An adaptation of the hit musical, Rock of Ages follows Sherrie (Julieanne Hough) from her home in safe Oklahoma with her sweet grandma to the mean streets of Los Angeles. The streets are so mean that moments after getting off the Greyhound, she is mugged and her one suitcase is stolen. The suitcase with all of her albums! Of course, coming to her aide is the adorable Drew (Diego Boneta - the South American Justin Bieber). He’s a bartender and wannabe singer at The Bourbon Club … the mecca for all things rock-n-roll. As fate would have it, a waitress has just quit. So a half-hour after getting off the bus, Sherrie has a job and a hot guy … no albums, but hey, you can’t have everything.
Dennis Dupress (Alec Baldwin) is the club’s owner. He’s banking on the night’s big act, Staccee Jaxx (Tom Cruise) and his sleezy manager Paul Gill (Paul Giamatti), to rescue the club. But hoping to close the club down is the mayor’s wife Patricia Whitmore (Catherine Zeta-Jones). She is a born-again Christian and a hardcore opponent of hard rock.

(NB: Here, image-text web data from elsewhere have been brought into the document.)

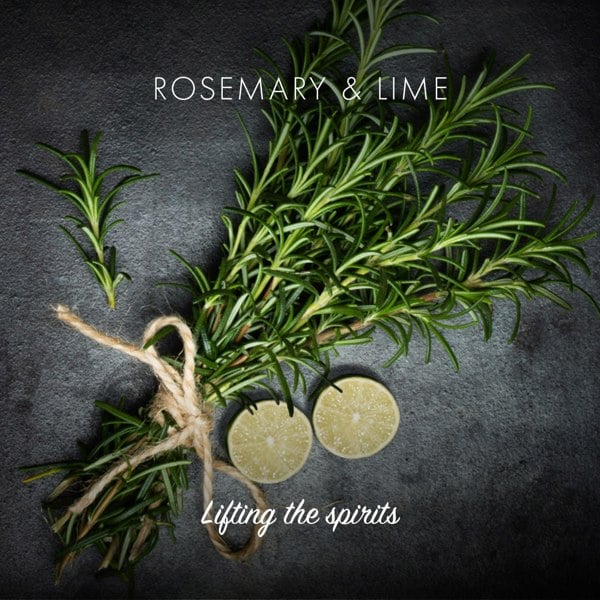 Rosemary and lime ingredients on a slate background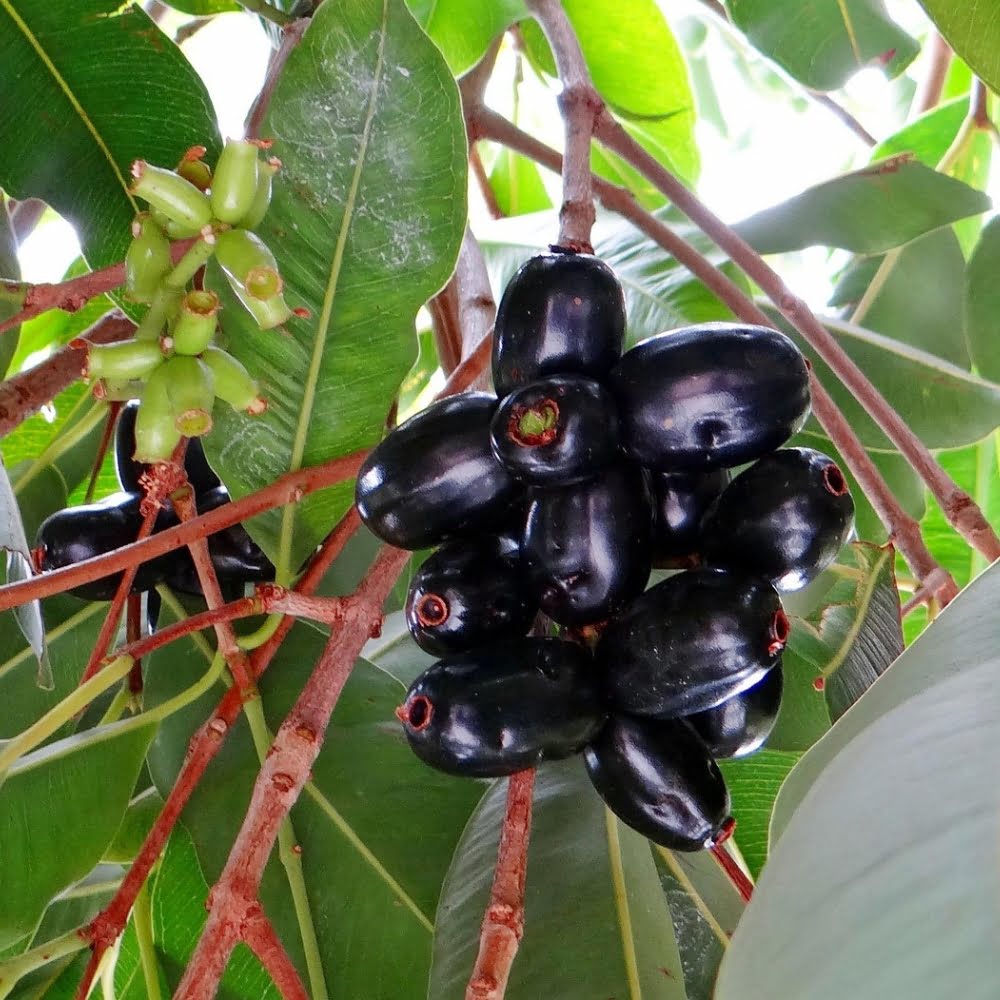 Black Jamun Fruit ( Grafted & Early Fruiting ) Plant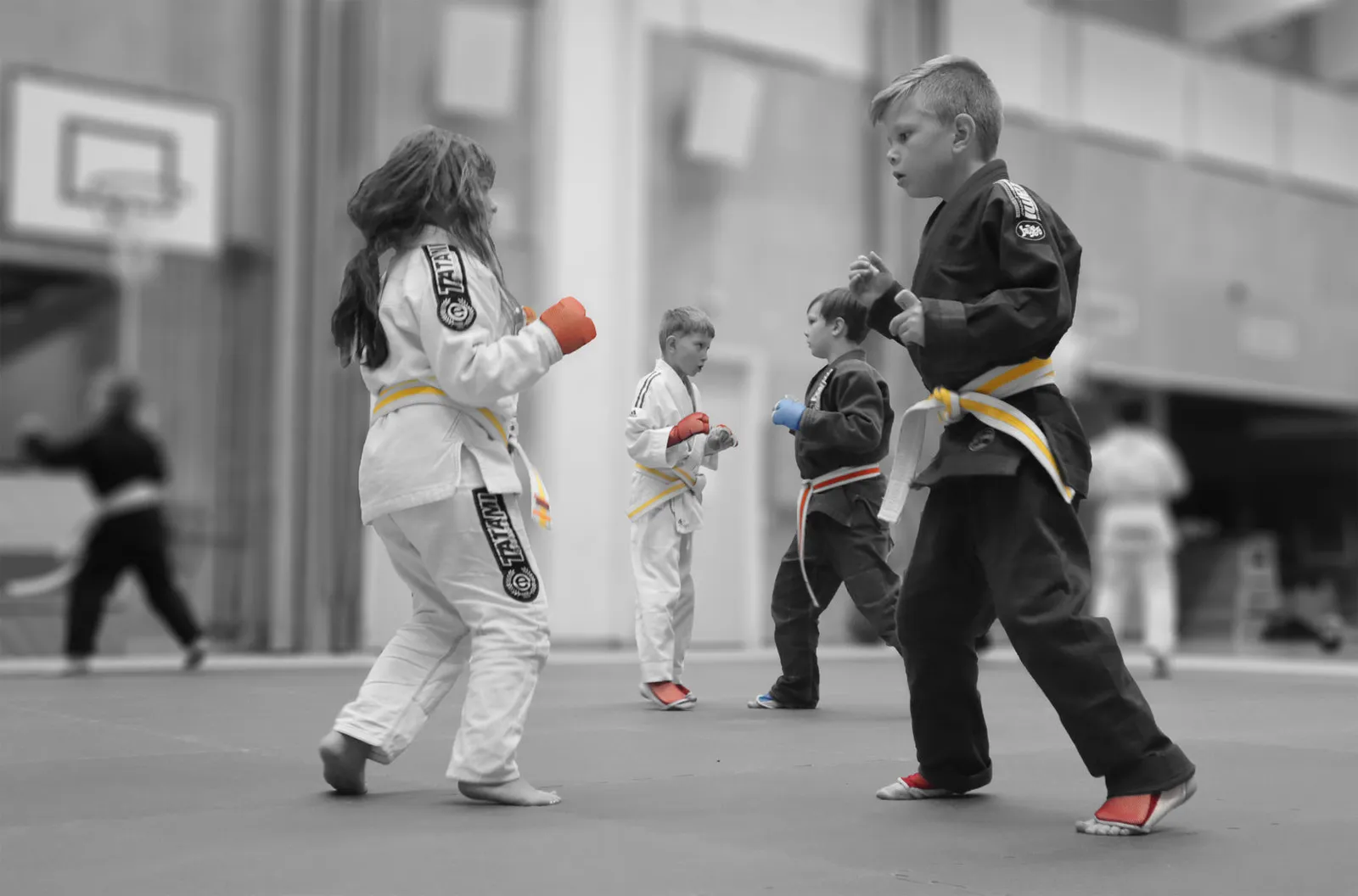 Karlstad Kampsportsförening Dojo — kampsport-studio i Karlstad — 3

Julieanne and Diego are game but the poor kids just don’t have the acting chops. The by-the-numbers script didn’t help much either. The dialogue was functional. It’s purpose was to get from song to song. Fortunately, there were lots of songs. Even though, as singers, Hough, Boneta and Cruise gave it their all but vocally they were still a little light. I was actually scared for Julieanne when she had to sing with Mary J Blige!
Having said all of that, Rock of Ages realizes that it isn’t an Academy Award-winning event. It is fun and it doesn’t take itself too seriously. I love all 80’s music and so does the friend I saw it with. We sang along with all of the songs and had a good time. If you, like we did, know all the words to Rock You Like a Hurricane, Wanted Dead or Alive and Sister Christian then you might like this too. If you don’t like 80’s rock and hair metal or if you are swinging on the other side of the pendulum (a rock-n-roll purist who wouldn’t appreciate the musical-esque interpretation of the songs), then take a pass.